Ce que le fleuve doit à la plaine – Alain Lallemand – Éditions Weyrich – 2024 – ISBN 9782874899232

Oleg regardait les mains de son père courir sous la robe du cheval, annoncer chaque mouvement de brosse par une main délicate posée à plat sur le flanc. Malgré le brouillard constant d’un fond d’alcool, Arseniy restait au plus près de ses bêtes. Il pouvait en quelques secondes se noyer dans un monde où les équidés avaient remplacé ces hommes dont il se méfiait désormais. Plongé dans un univers ouateux où n’existaient ni l’alcool pour les uns ni patron pour l’autre, il parlait aux chevaux dans une langue qu’Oleg ne comprenait pas, un dialecte persan, mélange de mongol et de turc que le père disait avoir appris lors des campagnes d’Afghanistan. Quelques années avant la naissance d’Oleg, le palefrenier avait passé trois hivers à Bamyan sous une neige dont l’éclat douloureux s’ajoutait aux blessures du froid. Face à son poste de tir, deux immenses bouddhas troglodytes demeuraient imperturbables sous la glace et les flocons, comme s’ils le narguaient. Trois années perdues loin de Varvara…

-Des gens adorables. C’est avec eux que j’ai appris la langue des chevaux. Quand le soleil brillait, les Hazaras le pointait du doigt en disant : « Libération, bientôt… ».  Je comprenais les mots. J’ai jamais su s’ils parlaient du printemps ou de notre débâcle à nous, les Soviétiques. Eh bien, aujourd’hui, les chevaux sont comme moi, tu vois : ils sentent venir les beaux jours, mais ils ne savent pas sur quel sabot danser. Une chose est certaine, on attend le soleil.

Crimée, février 2014.

Un groupe de pêcheurs Tatars  du clan des Giray découvrent dans le fleuve Alma le corps supplicié d’un jeune de leur communauté.

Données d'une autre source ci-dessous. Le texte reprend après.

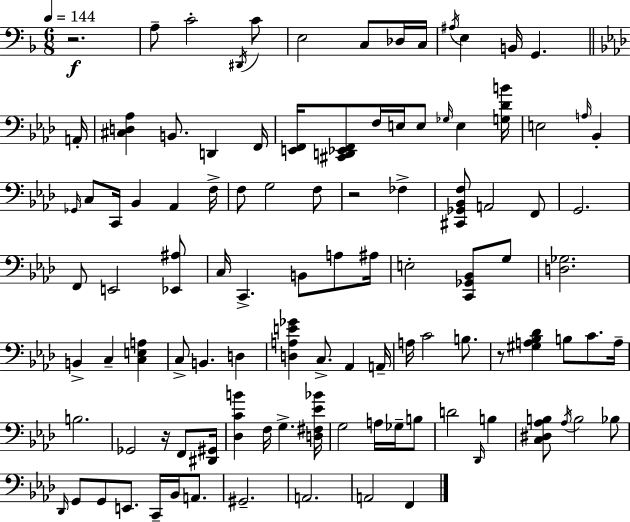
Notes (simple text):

R/h. A3/e C4/h D#2/s C4/e E3/h C3/e Db3/s C3/s A#3/s E3/q B2/s G2/q. A2/s [C#3,D3,Ab3]/q B2/e. D2/q F2/s [E2,F2]/s [C#2,D2,Eb2,F2]/e F3/s E3/s E3/e Gb3/s E3/q [G3,Db4,B4]/s E3/h A3/s Bb2/q Gb2/s C3/e C2/s Bb2/q Ab2/q F3/s F3/e G3/h F3/e R/h FES3/q [C#2,Gb2,Bb2,F3]/e A2/h F2/e G2/h. F2/e E2/h [Eb2,A#3]/e C3/s C2/q. B2/e A3/e A#3/s E3/h [C2,Gb2,Bb2]/e G3/e [D3,Gb3]/h. B2/q C3/q [C3,E3,A3]/q C3/e B2/q. D3/q [D3,A3,E4,Gb4]/q C3/e. Ab2/q A2/s A3/s C4/h B3/e. R/e [G#3,A3,Bb3,Db4]/q B3/e C4/e. A3/s B3/h. Gb2/h R/s F2/e [D#2,G#2]/s [Db3,C4,B4]/q F3/s G3/q. [D3,F#3,Eb4,Bb4]/s G3/h A3/s Gb3/s B3/e D4/h Db2/s B3/q [C3,D#3,Ab3,B3]/e Ab3/s B3/h Bb3/e Db2/s G2/e G2/e E2/e. C2/s Bb2/s A2/e. G#2/h. A2/h. A2/h F2/q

Angel Minin, un maquignon parvenu, un Ukrainien venu du continent, et nouveau riche… Il n’était pas devenu un grand propriétaire terrien sans grapiller l’un ou l’autre terrain tatar. Un ranch, une somptueuse villa… Il n’avait pas son pareil pour galvaniser la jeunesse, flatter sa brutalité. Sous la pâte du quinqua confortable, l’homme à la fourrure avait gardé un éclair sauvage dans les yeux, une ironie canaille qui donnait aux gamins, « les sept nains », l’envie de compter parmi ses amis, de ravaler leur violence pour satisfaire aux ordres de l’Ukrainien. Ils parlaient un argot russe, venu des bas-fonds, celui qu’ils associaient aux autorités de l’ombre, de la sécurité et de la protection. Celui des patrons de boîtes de nuit et de leur fourgueurs de came en demi-gros. Angel le pratiquait avec autant d’aisance que son aura était renforcée. Il se mélangeait au russe le plus pur et à l’ukrainien : bienvenue dans la réalité quotidienne de la Crimée.

Marsel, un notable tatare, secrétaire d’assemblée parlementaire, victime d’une attaque au couteau…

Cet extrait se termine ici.